MercyOne announced last week it has signed an agreement with Hospital IQ, a Boston-based provider of predictive hospital operations software, to expand its use of artificial intelligence to improve coordination of patient access to care as Iowa’s COVID-19 hospitalizations and patient transfers surge.  

The new system provides an unprecedented level of emergency coordination between all of the state’s hospitals, led by an AI-based command system that MercyOne now operates from MercyOne Medical Center in Des Moines. In recent weeks, the state of Iowa experienced a surge in COVID-19 cases, seeing upwards of 5,000 cases per day. 

The AI-enabled platform assists MercyOne’s staff in coordinating admission referrals, monitoring bed availability and recommending placement decisions across the state for the new COVID-19 Hospital Transfer Line. MercyOne, along with more than 100 other hospitals and health systems around the country, is using Hospital IQ’s platform to know days in advance whether it will be running into capacity issues and plan accordingly. 

The command center and transfer line are a coordinated effort between the Iowa Department of Public Health, the Iowa National Guard and MercyOne. The one-call system will operate 24 hours a day with support from Iowa Guard members and will be available to all hospitals in the state, for both COVID-19 and other acute-care cases in which a hospital is having difficulty arranging a patient transfer. 

Gov. Kim Reynolds’ office announced the new system on Dec. 9 during her COVID press briefing, joined by Bob Ritz, CEO of MercyOne. 

“We are delighted to bring this new comprehensive approach coordinating the care of patients who have a COVID-19 diagnosis, and acute-care patients who also need access to care,” Ritz said during the news conference. MercyOne has benefited from operating a hospital transfer system for years, and on average transfers more than 14,000 patients annually, he said. 

According to MercyOne, Reynolds provided funding for the statewide system from Iowa’s allocation from the federal Coronavirus Aid, Relief, and Economic Security Act. The grant amount to MercyOne for the system was about $440,000, a spokesman from Reynolds’ office said. 

Driven by predictive workflows and analytics, Hospital IQ recommends the nearest hospital to admit each patient based on bed availability, the patient’s level of care needs and current location. Additionally, the Hospital IQ system prescribes preventive actions, including the best available hospital placement option to ensure hospitals do not become overloaded with COVID-19 transfers. 

MercyOne was approached by Reynolds’ office in November as the state began to experience bed shortages and transfer crunches across the state, said Diane Murphy, MercyOne’s Central Iowa regional director for transfers and placements. 
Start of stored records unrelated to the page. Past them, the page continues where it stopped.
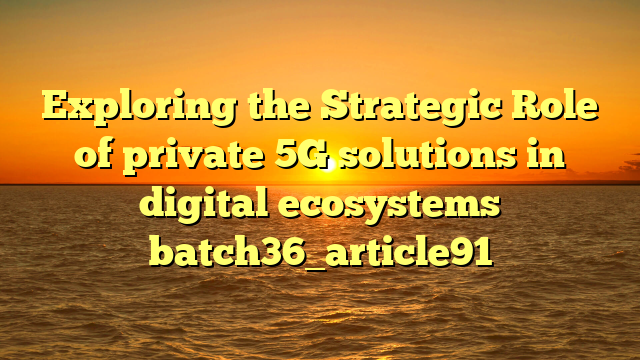 Exploring the Strategic Role of private 5G solutions in digital ecosystems batch36_article91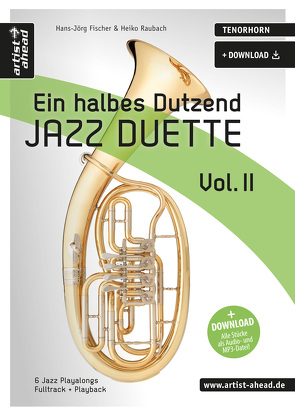 Ein halbes Dutzend Jazz-Duette Vol. 2 – Tenorhorn von Fischer,  Hans-Jörg, Raubach,  Heiko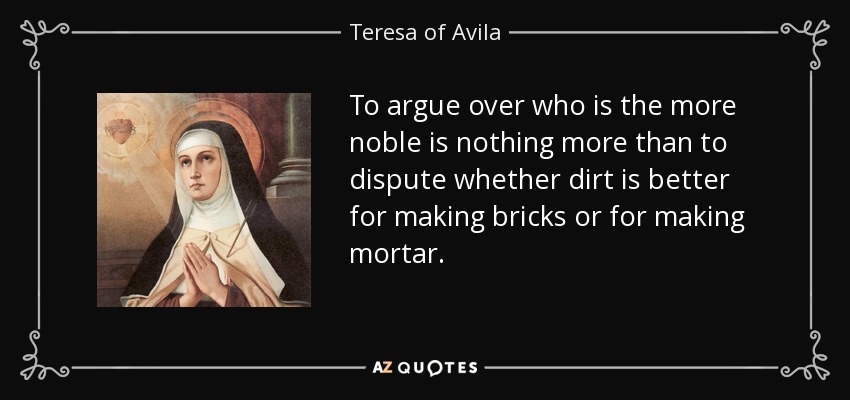 To argue over who is the more noble is nothing more than to dispute whether dirt is better for making bricks or for making mortar. - Teresa of Avila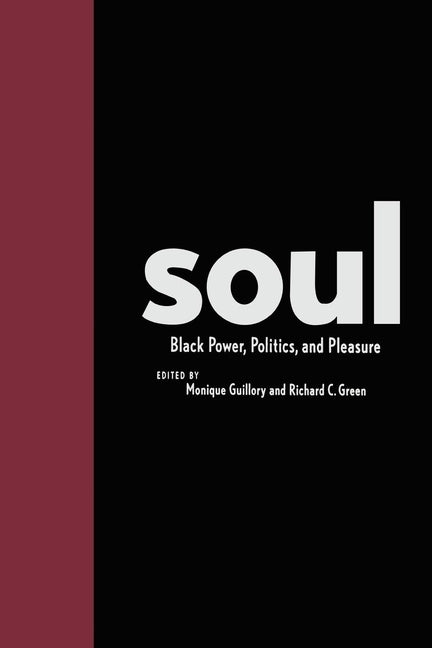 Soul: Black Power, Politics, and Pleasure by Guillory, Monique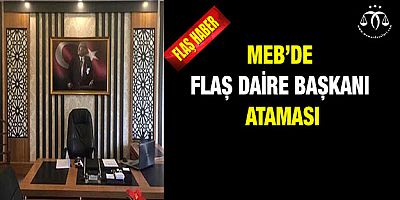 MEB’de Flash Daire Başkanı Ataması
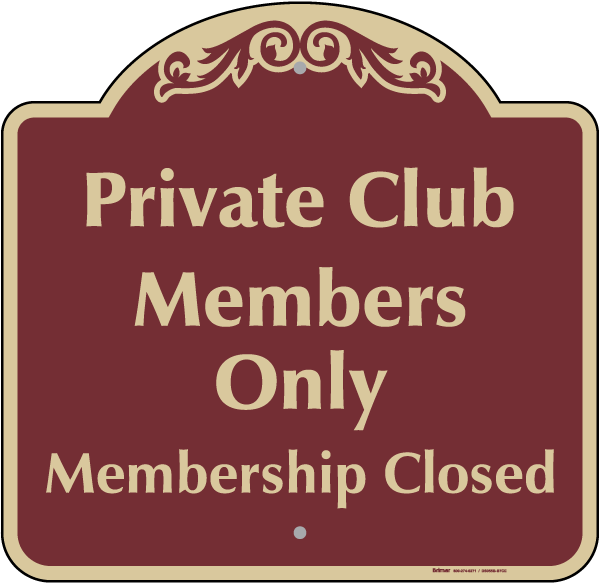 Private Club Members Only Sign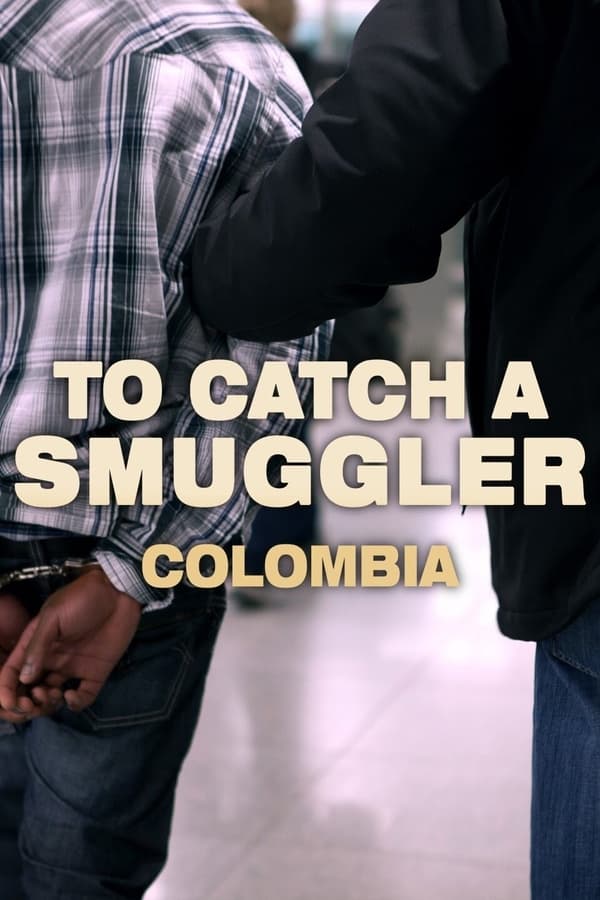 To Catch a Smuggler Colombia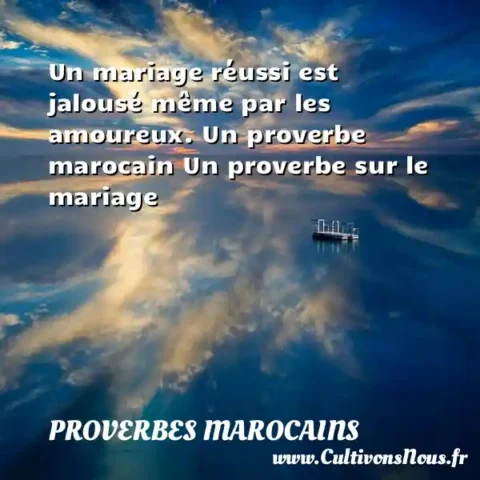 Un mariage réussi est jalousé même par les amoureux. Un proverbe marocain Un proverbe sur le mariage PROVERBES MAROCAINS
CommonSpirit Health, a parent health system of MercyOne, has been operating a statewide hospital transfer line for Nebraska for several months out of Omaha, Murphy said. MercyOne’s close relationship with CommonSpirit facilitated the conversation in creating a similar system for Iowa. 

Additionally, “we have a very strong collaboration with our other health systems, especially here in Polk County,” she said. “They work very closely together.” 

The new system expands on predictive tools that MercyOne already had in place with Hospital IQ. For more than five years, MercyOne Des Moines has leveraged Hospital IQ’s predictive software in its daily operations including perioperative services, inpatient capacity management and nurse staffing. 

Now that MercyOne has the required infrastructure, the command center and hospital transfer line will be an ongoing resource for the state beyond the pandemic, said Shawna Gunn, manager of operations for MercyOne Des Moines. “The vision is to have this framework built and the ability to quickly stand it up if needed in the future,” Gunn said. 

Murphy said the command center initially will be operated “at least through the beginning of 2021, dependent on the state’s needs.”  

MercyOne is among more than 100 hospitals or health systems nationally that Hospital IQ has worked with to build similar predictive systems, said Jason Harber, Hospital IQ’s executive vice president of operations. The company launched as a startup in Boston in 2013 and now has more than 70 employees across the country.

Aligning with existing electronic health record companies such as Epic and Cerner has enabled Hospital IQ to remain lean in terms of employee size, Harber said. “That really allows us to focus on our technical competencies — our ability to aggregate data, predict, and then do advanced analytics for these hospitals.” 

The technology is enabling unprecedented collaboration among health care providers, he said. 

“One of the biggest issues that some of these hospitals have is the fact that they don’t have enough nurses,” he said. 

“So one of the things that we are able to do for many of our customers is predict the number of staff needed and allow them to deploy their staff in the most effective way. So that really allows you to know where the patients are going to be to make sure that staff are scheduled and deployed in the right way to take care of those patients.”